Distance | Guide Estimate | PR | Delta (PR-Guide) | Delta % | PR date |
---|---|---|---|---|---|
5k | 22:08 | 21:48 | -00:20 | -1.5 | 6/3/15 |
10k | -- | 46:23 | -- | -- | 8/22/15 |
10 mile | 1:16:34 | 1:16:52 | +00:18 | +0.4 | 6/21/15 |
Half | 1:42:51 | 1:44:15 | +01:24 | +1.3 | 5/3/15 |
Full | 3:35:25 | 3:52:35 | +17:10 | +7.4 | 1/11/15 |
The second column is the estimate from Marathon Guide. Following that is my personal record (PR), the difference between my PR and the Guide estimate, that same difference as a percentage, and the date of my PR. It's impressive how close the estimates are on my 5k, 10 mile, and Half results - all within 1.5%. So the formula they are using seems pretty good.
Marathon Guide estimates me at a 3:35 marathon based on the 10k result.
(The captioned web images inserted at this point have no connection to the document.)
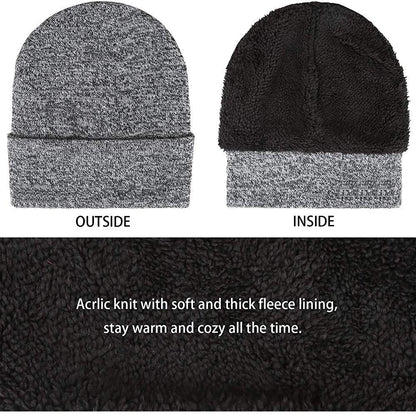 Mens Winter Beanie Hat And Neck Scarf Warmer Touch Screen Gloves Set - AllYearGoods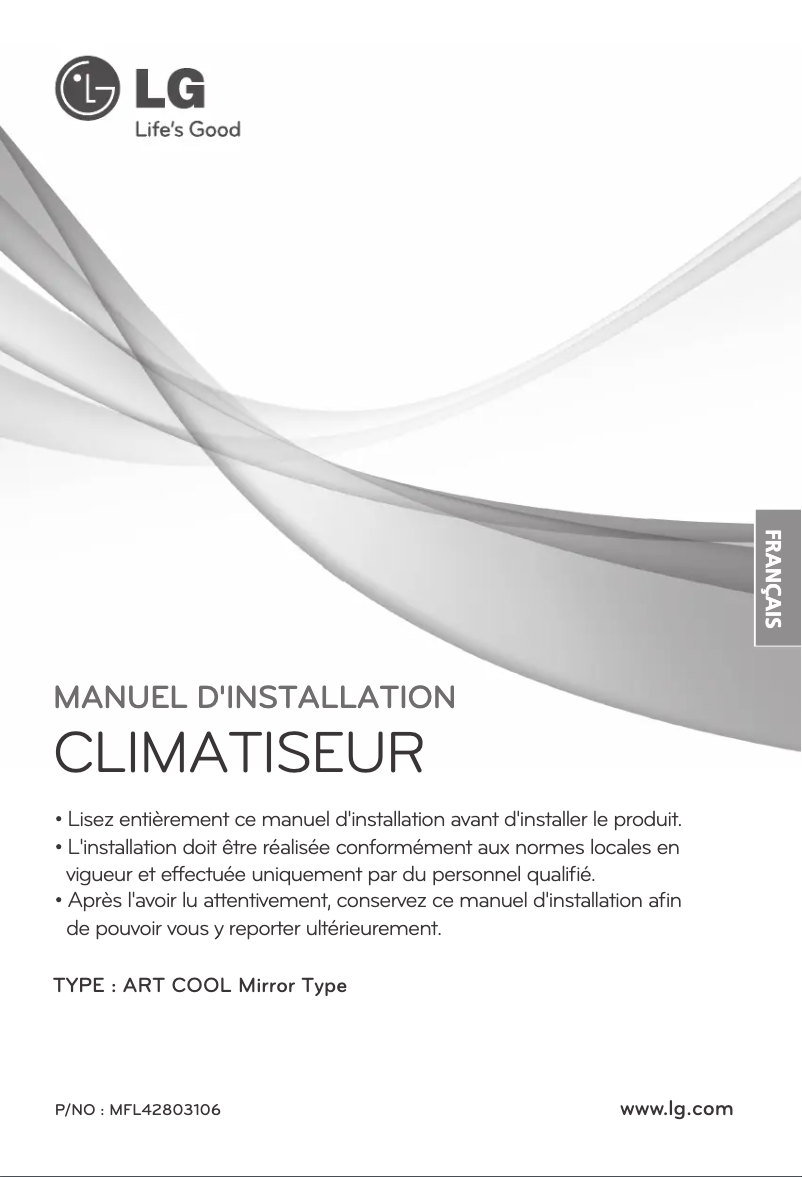 Page n°1 - Guide d'installation LG ARNU12GSER2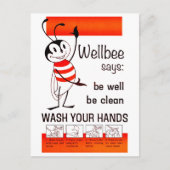 Wellbee CDC WASH UW HANDS Advertisement Poster Briefkaart (Voorkant)
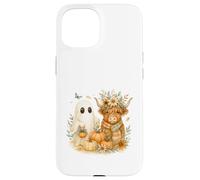 Highland Cow & Ghost Pumpkin Patch Watercolor Halloween Custodia per iPhone 15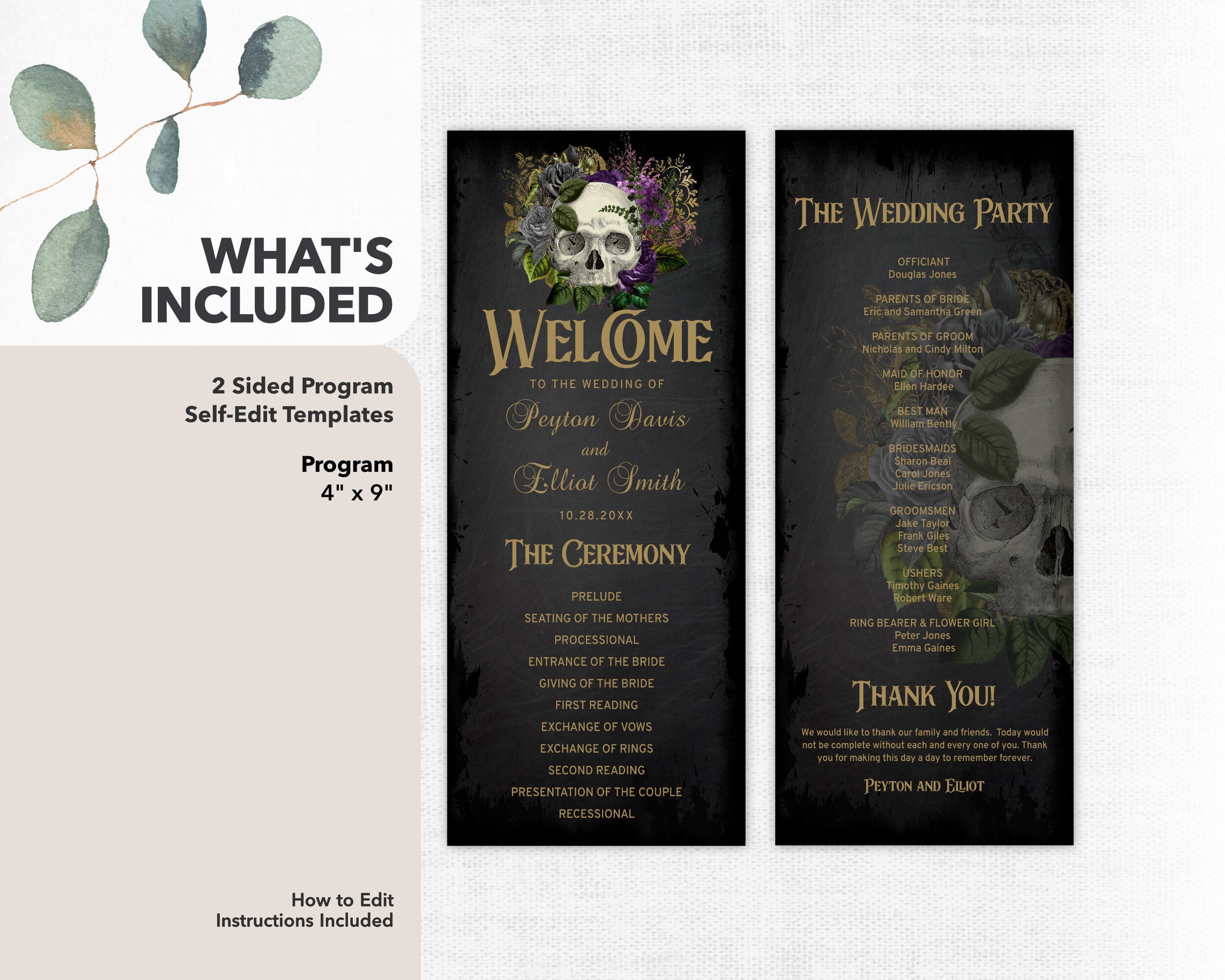 Goth Wedding Program Template With a Masquerade Skull of Purple Flowers ...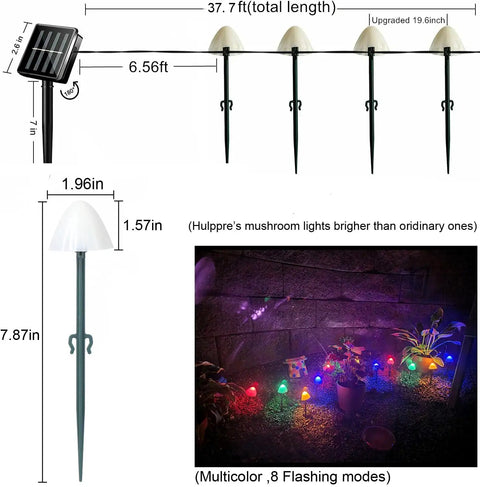 Mushroom Solar String Lights 20-Pack, 37.7ft Fairy Color Changing Outdoor Pathway Lights With 8 Modes, garden setup.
So that should give some confidence that I can get sub 3:40. Assuming the "error bars" are the same on the marathon as they are on my other races, let's assume +/- 1.5% on the marathon time, which gives a range of times from 3:32:12 to 3:38:38.
Another way to do this is to plug the 3:40 marathon time into the estimator and see what it says I should be doing for other races:
Distance | Guide Estimate | PR | Delta (PR-Guide) | Delta % | PR date |
---|---|---|---|---|---|
5k | 22:37 | 21:48 | -00:49 | -3.7 | 6/3/15 |
10k | 47:22 | 46:23 | -00:59 | -2.1 | 8/22/15 |
10 mile | 1:18:11 | 1:16:52 | -01:19 | -1.7 | 6/21/15 |
Half | 1:45:02 | 1:44:15 | -00:47 | -0.8 | 5/3/15 |
Full | 3:40:00 | 3:52:35 | +12:35 | +5.4 | 1/11/15 |
The interesting trend here is the way my percentage decrease on the estimated time gets higher the shorter the distance, -0.8 for the half all the way up to -3.7 for the 5k. This would seem to imply I have more speed vs endurance than the "formula runner" used in the calculation. A little surprising since I think of myself more as an endurance runner than a speed runner.
The advice the experts give for a marathon is to "let the race come to you", meaning don't start with an aggressive pace but rather one more comfortable, and if later in the race you are still feeling it, then the race has come to you and you can safely increase your pace. This is my preferred approach to racing in any case. I think I can safely start with a 3:40 goal time (about an 8:20 pace), and go with how I feel later in the race.